This repository contains Singapore legal data obtained various public sources and converted into a machine-readable format, including the following:
- Court hearings:
/data/hearings.json
- Senior Counsels:
/data/sc.json
- PDPC undertakings:
/data/pdpc-undertakings.json
- PDPC decisions:
/data/pdpc-decisions.json
- LSS DT reports:
/data/lss-dt-reports.json
- State Court judgments
/data/stc-judgments.json
- Family Court and Juvenile Court judgments
/data/fc-judgments.json
You can view and query the data using this Datasette instance.
The code and configuration files in this repository are licensed under the EUPL-1.2 as set out in the LICENCE file.
This repository is not affiliated with the Singapore Academy of Law, Singapore Courts, Law Society, or any other organisation, and is provided for educational purposes only.
flowchart LR
subgraph pipeline["Data Pipeline"]
subgraph /input/ scripts
Website-->data["/data/ (JSON files)"]
end
subgraph build_script["build_db.bb script"]
data-->sqlite["SQLite DB (/data/data.db)"]
end
end
subgraph backend["Backend"]
Datasette
end
build_script-->backend
subgraph frontend["Frontend"]
html["HTML templates"]
cljs["CLJS scripts"]
end
frontend-- served by -->backend
See /app/README.md
for frontend development.
In the data pipeline, everything is just a script (aka a microservice™). Although most of the scripts are Babashka scripts written in Clojure, new scripts can be in any language.
The data is obtained periodically via scheduled GitHub action workflows and committed to this repository. Each Github Action runs one of the input scripts in the /input
folder. Each input script stores the data obtained in a JSON file in the /data
folder. Each JSON file is just a snapshot in time, i.e. it contains only the data obtained in the last run of the respective script as opposed to all data ever obtained using that script.
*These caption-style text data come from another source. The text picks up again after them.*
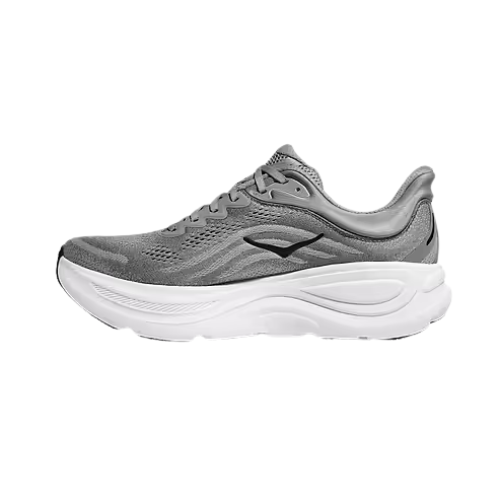 HOKA BONDI WIDE 9 - נעלי ספורט גברים בונדי 9 רחבות בצבע אפור
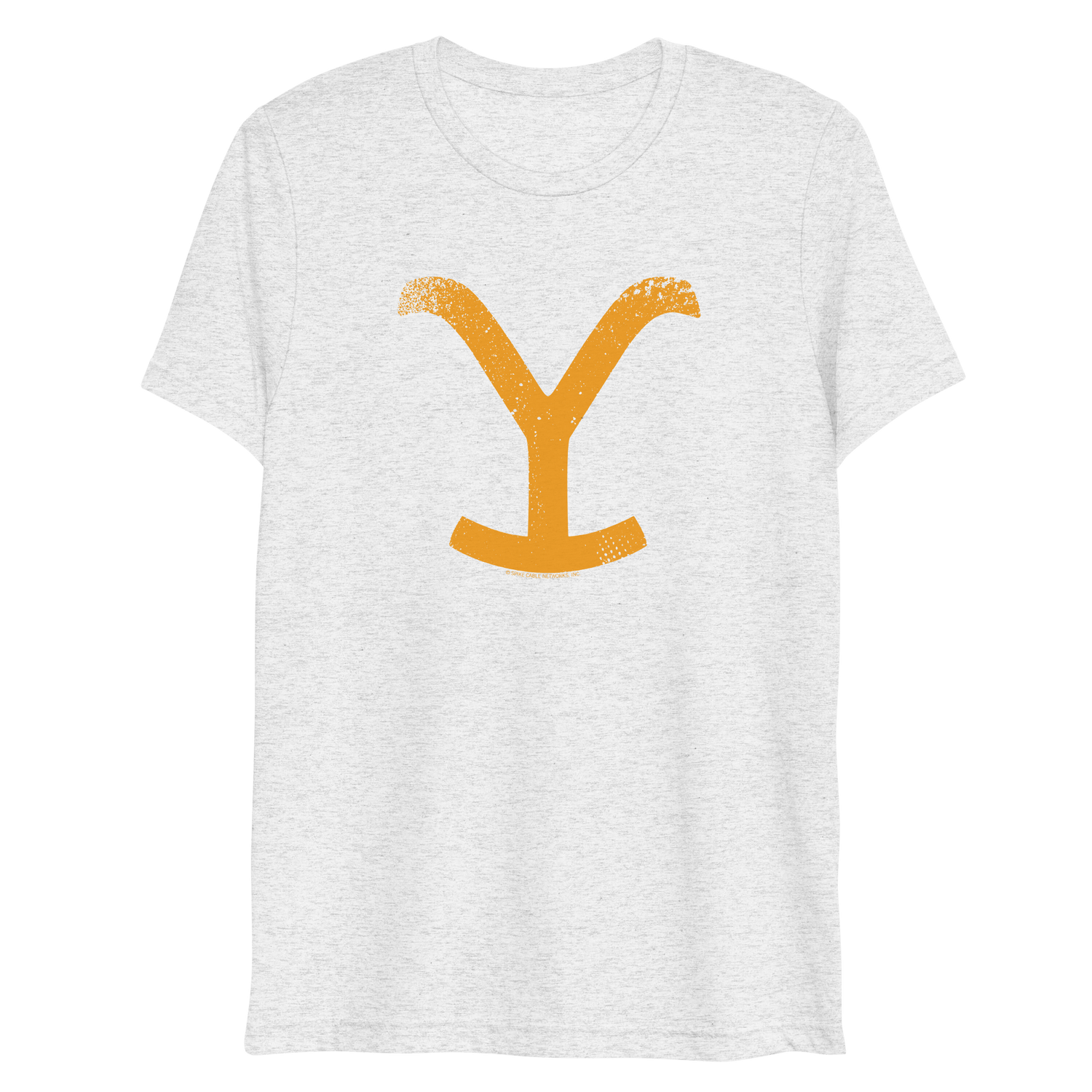 Yellowstone Big Y Logo Tri - Blend T - Shirt - Paramount Shop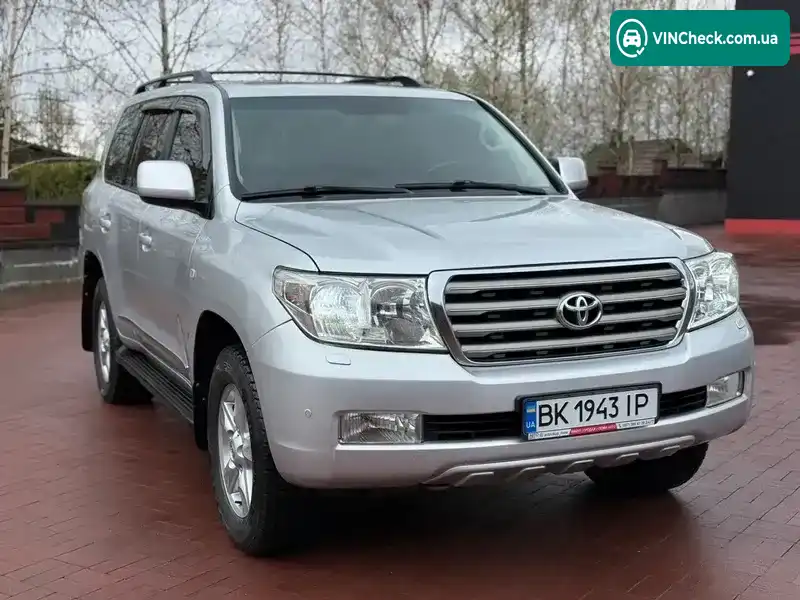 Toyota Land Cruiser 2008, фото з оголошення 1 з 21, VIN JTMHT05J804017035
The /.github/workflows/deploy.yml
runs the /scripts/build_db.bb
script which uses the git-history
tool to create a SQLite database from the historical data across all the commits in this repository. The script then builds a Datasette Docker image and deploys that via Fly.io.
Some of the scripts in the /scripts
folder run Python tools. This project uses Poetry to manage its Python dependencies, so do install Poetry and the dependencies before running those scripts.
Make sure you have Babashka, Python, and Poetry installed.
Install the Poetry dependencies by running poetry install --no-root
.
This project uses various CLI utilities, which you will need to install to run the input scripts:
pdftotext
is used to extract text from PDFs. It is bundled within poppler
.
On Ubuntu/Debian:
sudo apt install poppler-utils
On macOS, you can install it using Homebrew:
brew install poppler
ocrmypdf
is used to run OCR on PDFs. It is a Poetry dependency already, but it does require tesseract
and ghostscript
to be installed.
On Ubuntu/Debian:
sudo apt install tesseract-ocr ghostscript
On macOS:
brew install tesseract ghostscript
After cloning this repository and following the setup steps above, you can generate the SQLite database on your machine by running the /scripts/build_db.bb
script:
bb --main scripts.build-db
If you do not have SQLite installed, you will need to install it.
On Ubuntu/Debian:
sudo apt install sqlite3
On macOS:
brew install sqlite3
This may take some time (possibly >1h) as there have been many commits to this repository. The build_db.bb
script also does some processing on the data, e.g. it creates and populates certain columns for ease of use based on the raw data (see e.g. /scripts/computed_columns.bb
). Alternatively, you can download a copy of the database from lacunadb.huey.xyz.
Once you have the SQLite data, you can analyse it by running Datasette locally. You can use the /scripts/dev_docker.bb
script.
cd lacunadb
bb ./scripts/dev_docker.bb
It may be helpful to refer to the Docker images or the GitHub actions for a better idea of how the project functions and how to run certain scripts.